Moving the needle on nursing staff influenza vaccination in long-term care: Results of an evidence-based intervention

Vaccine
Volume 35, Issue 18, Pages 2279-2530 (25 April 2017)
http://www.sciencedirect.com/science/journal/0264410X/35/18

Moving the needle on nursing staff influenza vaccination in long-term care: Results of an evidence-based intervention
Original Research Article
Pages 2390-2395
Cori L. Ofstead, Miriam R. Amelang, Harry P. Wetzler, Litjen Tan
Abstract
Purpose
Influenza vaccination rates among healthcare providers (HCPs) in long-term care facilities (LTCFs) are commonly below the Healthy People 2020 goal of 90%. This study was conducted to develop and evaluate an intervention program designed to increase influenza uptake among HCPs in LTCFs.
Methods
This study was conducted in four Midwestern LTCFs. Baseline interviews, surveys, and administrative data analysis were performed following the 2013–2014 influenza season.
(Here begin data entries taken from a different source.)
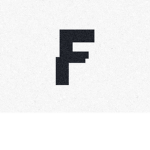 Fusion Clothing.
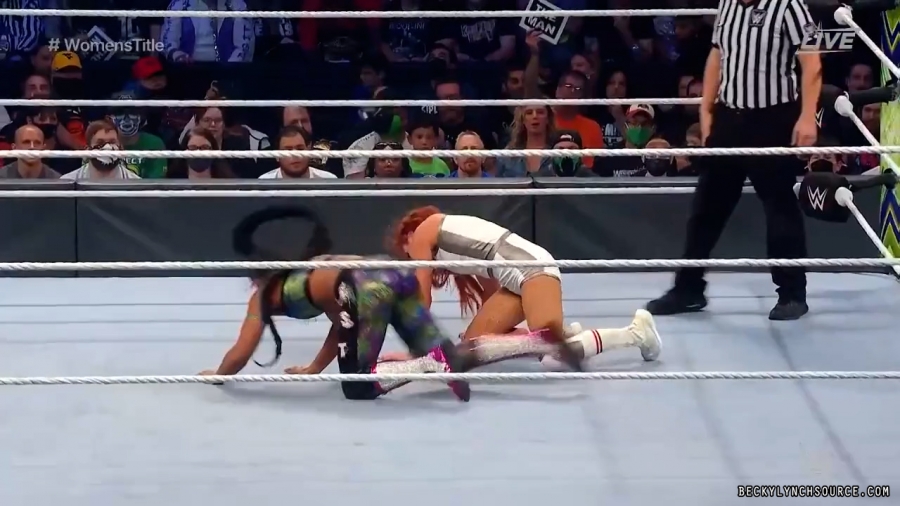 beckyppv20210926_00_23_28_00_Still2227.jpg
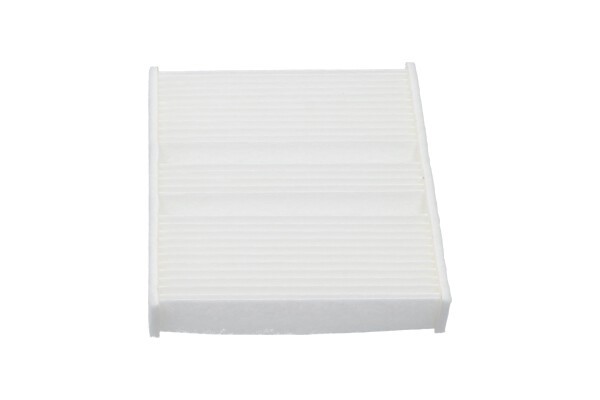 Kupefilter Amc filter FCA-10035 AMC Filter Kupefilter Amc filter FCA-10035 AMC Filter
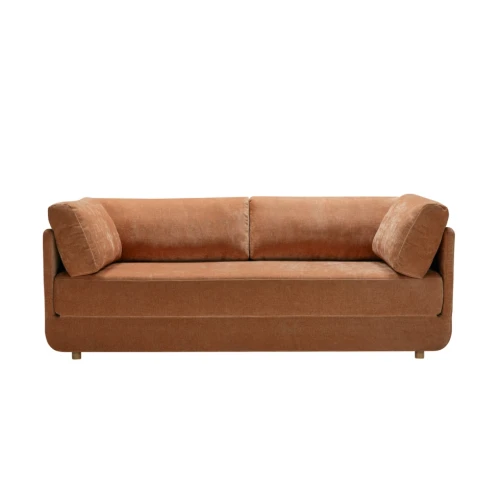 sofa-stina-z-funkcja-spania-sits-2.jpg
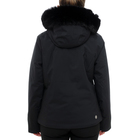 Ženska ski jakna Colmar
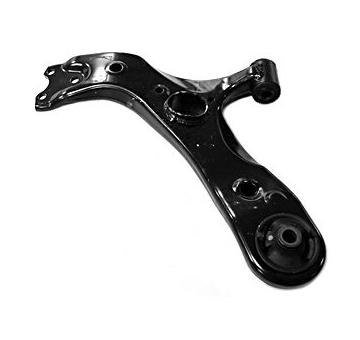 Řídicí páka, zavěšení kol MOTAQUIP LVSA1569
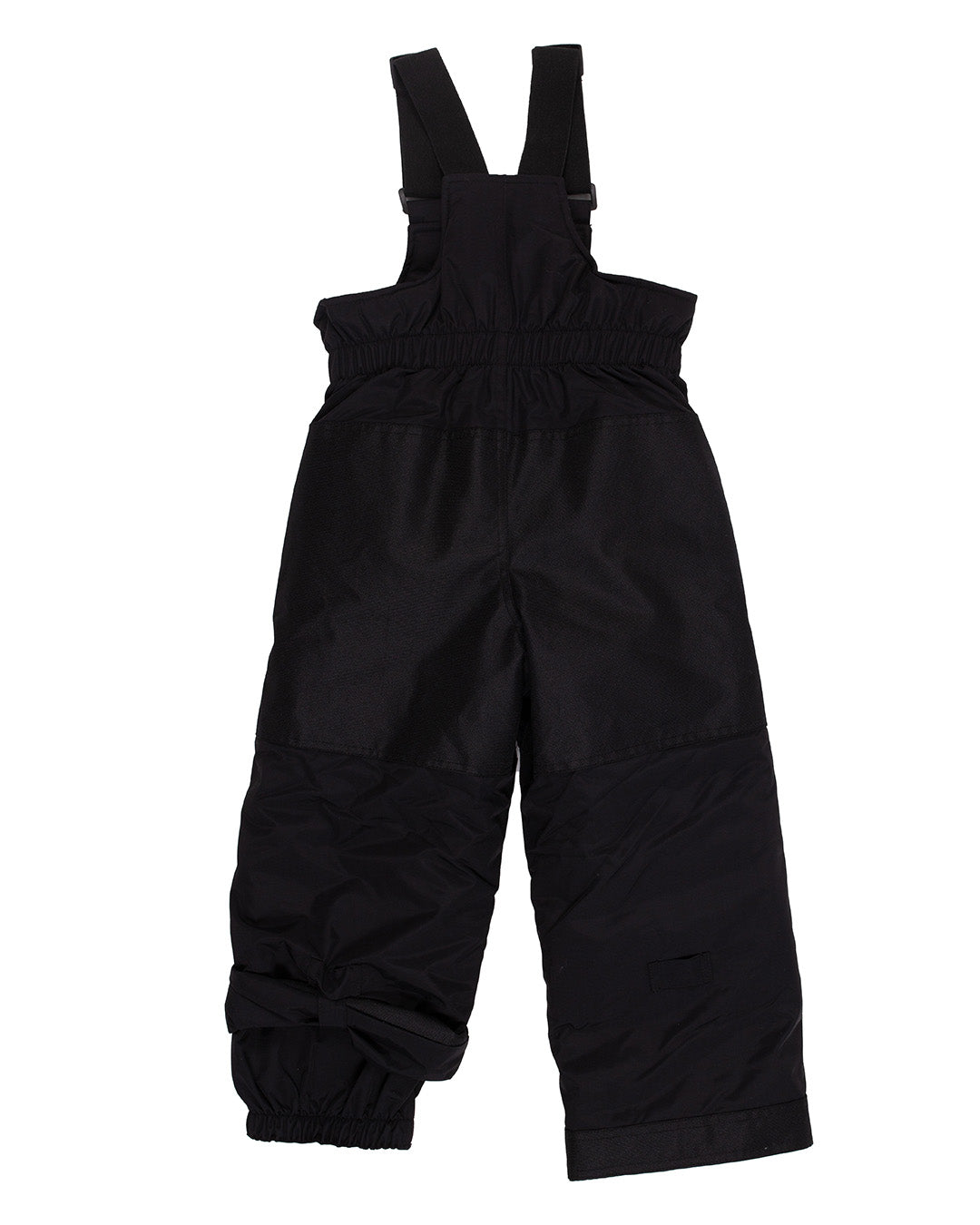 Rosalie Girls' Snowsuit Pink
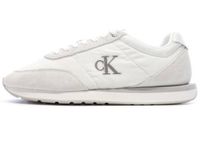 Calvin Klein Basket Taille 41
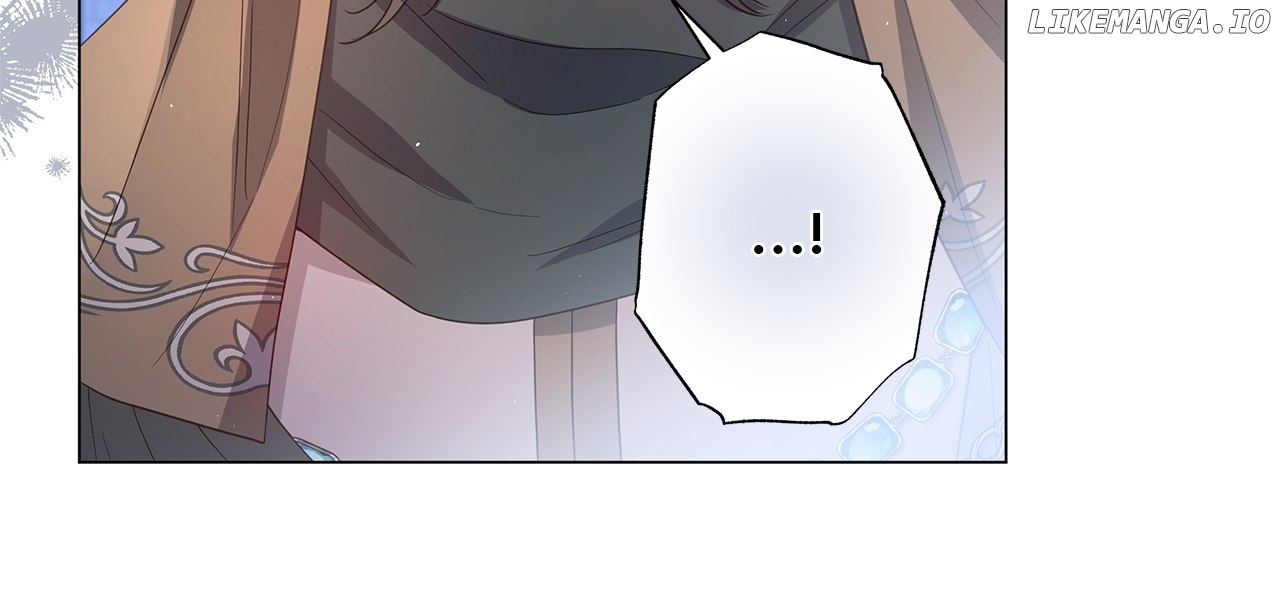 Traces of the Moon Chapter 30 - page 87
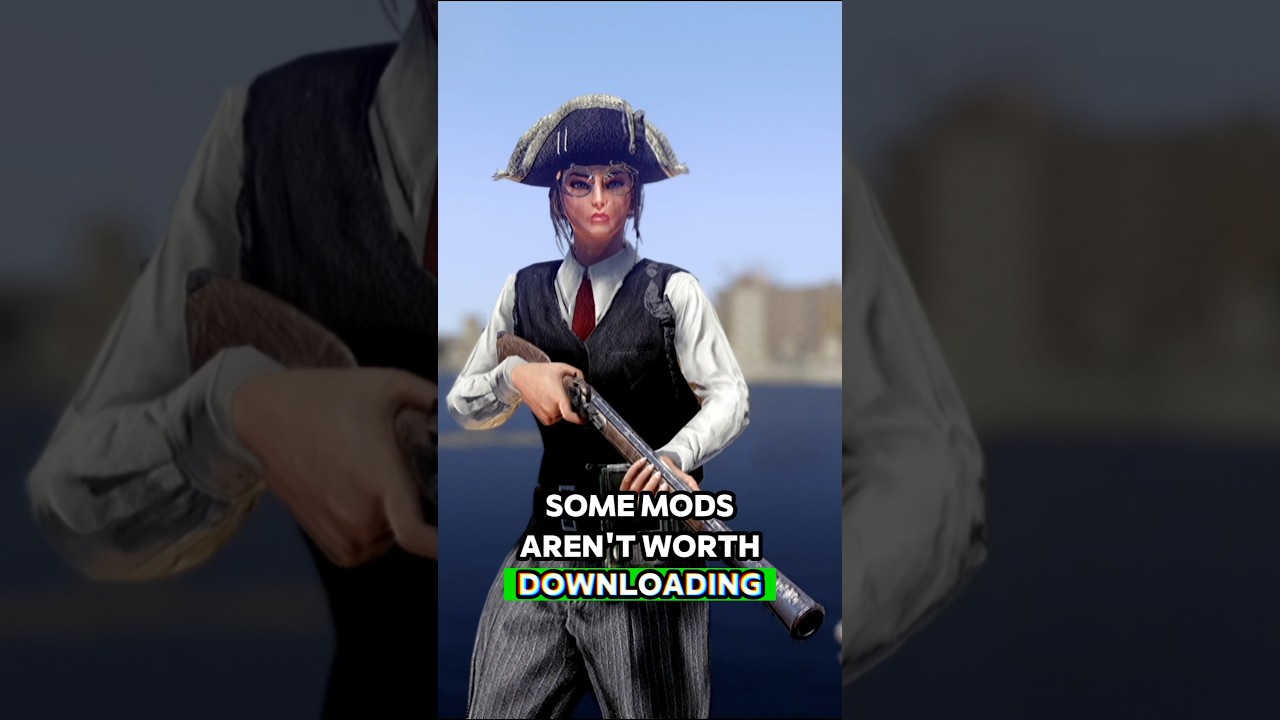 A PERFECTLY BALANCED GAME WITH NO EXPLOITS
Interventions implemented during the 2014–2015 season were based on the health belief and ecological models and included goal-setting worksheets, policy development, educational programs, kick-off events, incentives, a vaccination tracking roster, and facility-wide communication about vaccine uptake among HCPs. Outcomes were evaluated in 2015.
Results
At baseline, 50% of 726 nursing staff employed during the 2013–2014 influenza season had documented receipt of influenza vaccine (Site A: 34%; Site B: 5%; Site C: 75%; Site D: 62%), and 31% of 347 survey respondents reported absenteeism due to respiratory illness. At follow-up, 85% of HCPs had documented receipt of influenza vaccine (p < 0.01) and 19% of 323 survey respondents reported absenteeism due to respiratory illness (p < 0.01). Vaccination rates among respondents’ family members increased from 31% at baseline to 44% post-intervention (p < 0.01). Reasons for declining vaccination did not change following exposure to educational programs, but HCPs were more likely to recommend vaccination to others after program implementation.
Conclusions
Vaccination rates among long-term care HCPs and their family members increased significantly and HCP absenteeism decreased after the implementation of multifaceted interventions based on an ecological model. The findings suggest that major increases in HCP vaccination can be achieved in LTCFs. More research is needed to evaluate the impact of increased HCP vaccination on the health and productivity of LTCF employees, their family members, and residents.